TRY IT =
Repeat the listing exactly. Pictures stay out of your copy.

SOURCE MATERIAL =
==========
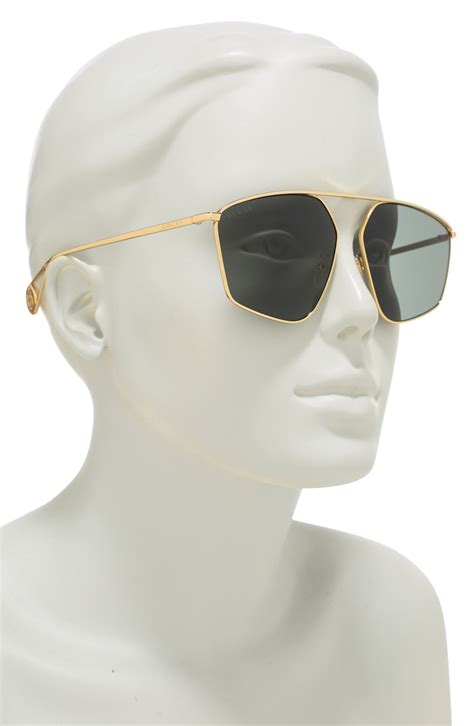 sunglasses polarized women's gucci|gucci 60mm aviator sunglasses.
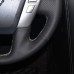111Loncky Auto Custom Fit OEM Black Genuine Leather Car Steering Wheel Cover for Nissan Patrol 2011-2017 Armada 2013-2019 NV Cargo NV Passenger (US) 2012-2018 Titan 2013-2018 Infiniti QX56 2011-2013 QX80 2014-2019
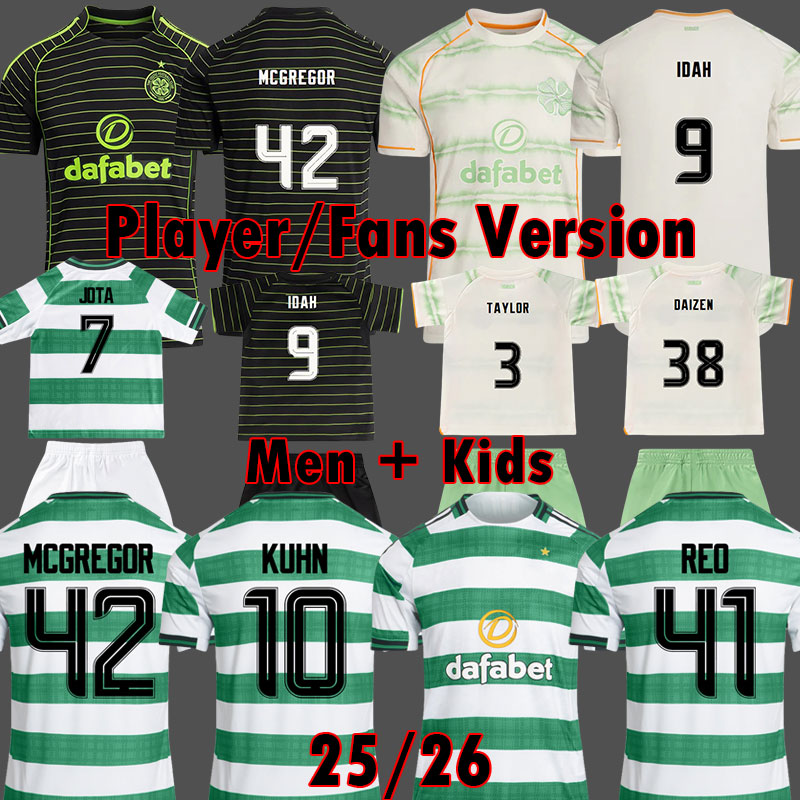 2025 2026 Celticfc Soccer Jerseys Special KUHN ENGELS MCGREGOR FORREST 25 26 CELTICFC Kit IDAH KUHN football shirt Men kits Kids Equipment 3XL 4XL 999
==========
SOLUTION =
 sunglasses polarized women's gucci|gucci 60mm aviator sunglasses.
111Loncky Auto Custom Fit OEM Black Genuine Leather Car Steering Wheel Cover for Nissan Patrol 2011-2017 Armada 2013-2019 NV Cargo NV Passenger (US) 2012-2018 Titan 2013-2018 Infiniti QX56 2011-2013 QX80 2014-2019
 2025 2026 Celticfc Soccer Jerseys Special KUHN ENGELS MCGREGOR FORREST 25 26 CELTICFC Kit IDAH KUHN football shirt Men kits Kids Equipment 3XL 4XL 999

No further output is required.